It’s with great shame i admit i was a Burrata virgin, but today my beloved readers, something amazing happened… Are you ready for the big news? Well… I lost my virginity to mozarella’s creamy cousin! No no, don’t clap, i think it was long overdue and yes – i’m a changed man! Finding her was a game of hide and seek as she can be quite elusive in this big city, but when i saw her this morning at the Italian specialty store and gathered the courage to invite her into my shopping cart i already knew we were meant for each other. I made room for her among lettuce and potatoes and as a true gentleman – carried her with my trembling fingers to a comfy spot. Later, she was everything i expected her to be.

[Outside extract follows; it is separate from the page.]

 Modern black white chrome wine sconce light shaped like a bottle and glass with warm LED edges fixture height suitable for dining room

As you can see, burrata resembles nothing more than a ball of cow’s milk mozzarella with a topknot. But there’s a surprise inside: a creamy, soft, lava-like center that, once the cheese has been cut open, slowly and irresistibly oozes out onto the plate. It’s spreadable love.

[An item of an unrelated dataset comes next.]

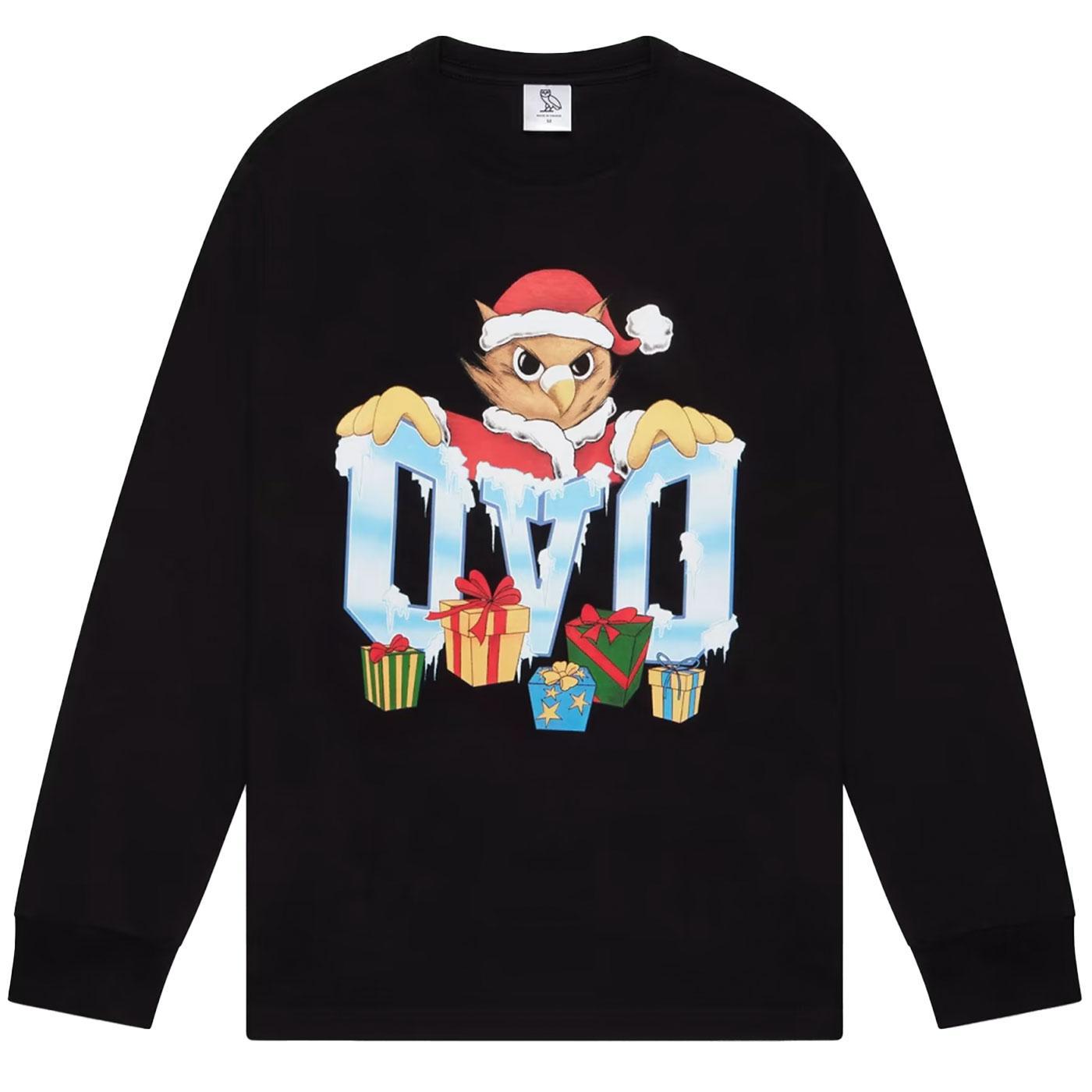Santa Owl Long Sleeve T-Shirt (Black) | OVO October's Very Own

Burrata is a magnificent cheese and a relatively modern specialty but it must be consumed fresh, no more than 48 hours after production. According to a fellow private chef, its marvelous liquid center is best scooped up with slices of crusty country bread with a drizzle of olive oil and some cracked pepper, and is excellent when enjoyed with of a bottle of Montepulciano (now that i have to repay him for his advice, anyone knows good hair loss treatment?) Try also tossing Burrata into pasta, such as penne or spaghetti. For a truly rich caprese salad, encircle fresh Burrata with slices of ripe red tomatoes and torn basil leaves, drizzle also with olive oil and a twist of fresh black pepper. And yes you can do it the Zen way: big blops onto a pizza. But what isn’t good on a pizza?